The museum, which opened in 2001, averages 10,000 visitors annually. Its six galleries tell the story from the Johns-led student strike, through the Brown decision and “Massive Resistance,” to the rebirth of public schools in the community.
The trail’s interactive website (civilrightstrail.com) provides information about the museum and the statue honoring Johns on the grounds of the state Capitol in Richmond, as well as a wealth of other resources to help followers understand the fight for civil rights.
“The old adage is true,” said U.S. Civil Rights Trail Chairman Lee Sentell, who is also director of the Alabama Tourism Department. “We must know our history if we are not to repeat the mistakes of our past.”
Prince Edward County seems determined not to repeat those mistakes. In 2008, its multiracial Board of Supervisors installed a light dedicated to Johns and the students, which shines in the tower atop the same courthouse in which their counterparts voted to shut down public education. On its marker, the county expresses regret for the pain it caused and the lost opportunities and dreams.

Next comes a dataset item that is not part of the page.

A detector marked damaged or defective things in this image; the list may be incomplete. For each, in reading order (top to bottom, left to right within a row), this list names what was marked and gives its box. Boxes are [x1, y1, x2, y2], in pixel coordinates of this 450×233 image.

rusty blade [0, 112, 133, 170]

And last year, the Farmville Town Council renamed the community’s public library in honor of Johns, who married the Rev. William Powell, had five children and became a librarian in Philadelphia’s public schools. She died in 1991.
Cobbs said her late sister “would be so shocked, but pleased” by these developments. While the light brings back painful memories, “at the same time, it reminds me of the fact that there are people of goodwill who seek to heal the community by their actions,” she said. “So, I feel a sense of peace when I see the light.”

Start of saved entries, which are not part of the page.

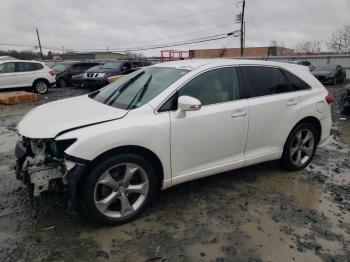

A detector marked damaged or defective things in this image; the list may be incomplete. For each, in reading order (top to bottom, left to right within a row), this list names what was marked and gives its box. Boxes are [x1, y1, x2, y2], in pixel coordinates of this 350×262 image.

crushed hood [17, 94, 128, 139]
broken headlight [46, 139, 76, 158]
damaged white suv [14, 59, 330, 225] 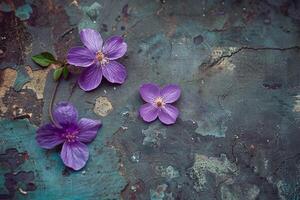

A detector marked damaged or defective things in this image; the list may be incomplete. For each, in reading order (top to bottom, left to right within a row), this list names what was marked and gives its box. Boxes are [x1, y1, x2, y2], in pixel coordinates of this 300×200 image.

peeling paint [93, 96, 113, 116] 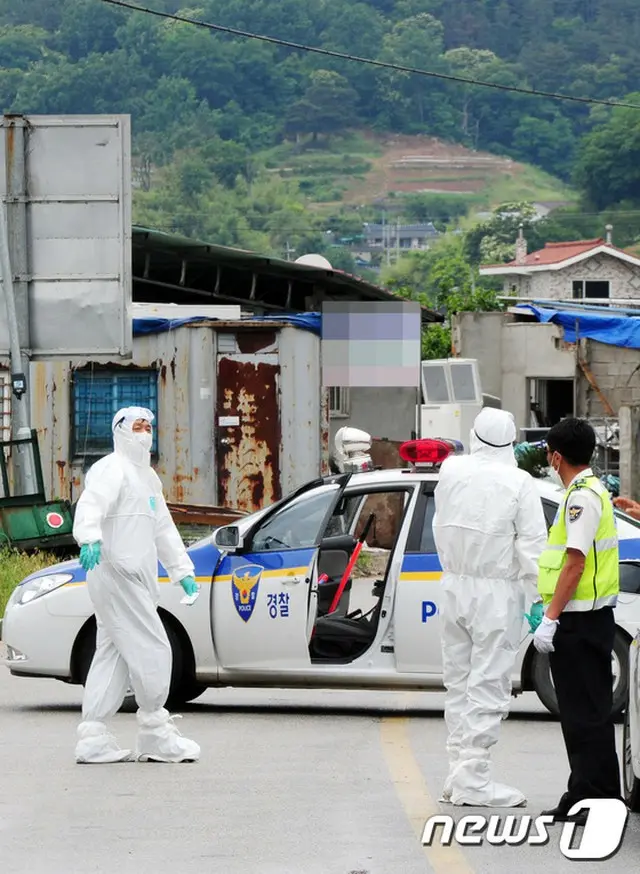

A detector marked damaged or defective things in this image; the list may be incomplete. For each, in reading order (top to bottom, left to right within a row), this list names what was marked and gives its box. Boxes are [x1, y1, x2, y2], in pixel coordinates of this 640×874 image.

rusted metal door [215, 350, 280, 510]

The county, which is 64 percent white and 32 percent black, according to 2015 Census Bureau data, has changed in other ways since shutting its doors to black students 59 years ago. It gave President Barack Obama a majority of its votes in 2008 and 2012, and did the same for Hillary Clinton in 2016, one of just a handful of blue jurisdictions in a sea of red.
The museum is prominently featured on the community’s online tourism hub, Visitfarmville.com. (Other local attractions include the 31-mile-long High Bridge Trail State Park, which is popular with hikers, joggers, cyclists and horseback riders, and the four-mile Farmville Blueway Paddle Trail, which attracts canoeists and kayakers.) Its inclusion on the U.S. Civil Rights Trail is being greeted enthusiastically by black and white residents alike.

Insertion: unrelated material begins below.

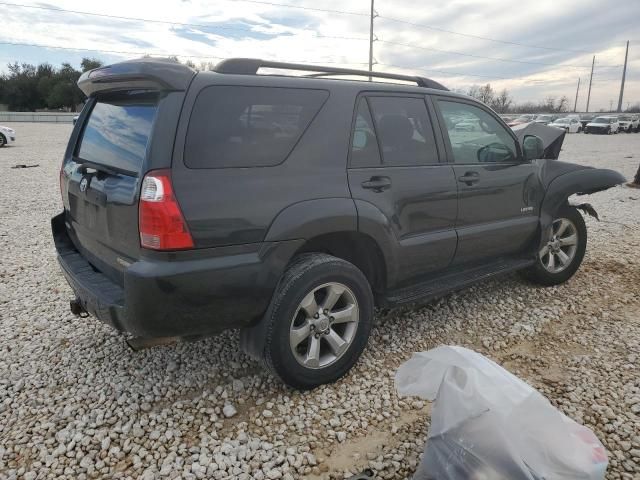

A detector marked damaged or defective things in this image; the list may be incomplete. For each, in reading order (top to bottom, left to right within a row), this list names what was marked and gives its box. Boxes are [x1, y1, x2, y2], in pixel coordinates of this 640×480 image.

damaged front fender [540, 159, 624, 246]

Scott Harwood Sr. had finished his sophomore year in high school when the public schools closed, and would go on to graduate from the private, all-white Prince Edward Academy, now closed. “It’s fantastic” that the museum is now on the U.S. Civil Rights Trail, he said. “I’ve always thought it was a hidden jewel. . . . It has the fairest, most well-balanced storytelling that I’ve seen.”
A member of the academy’s first graduating class, Gene Watson, said the museum “is something we’re proud of. . . . It’s a real plus for the community.”
Pattie Cooper-Jones, the first African-American woman to chair the Prince Edward County Board of Supervisors, shares their pride in the museum. And she said that she sees the trail as more than a tool for tourism. “Its most important impact will be on the education of a whole new generation of Americans on the struggle to provide equal rights,” she said. “With the increased polarization in America, this trail, and the story it tells, is especially poignant and needs to be heard by every citizen.”
Dickenson, the social studies director, is glad the U.S. Civil Rights Trail will lead more visitors to the museum. “It is particularly encouraging to see the students of today embrace the difficult stories of previous generations in order to better understand our present circumstances,” he said. “This fills me with hope that the current generation will bring about a brighter tomorrow.”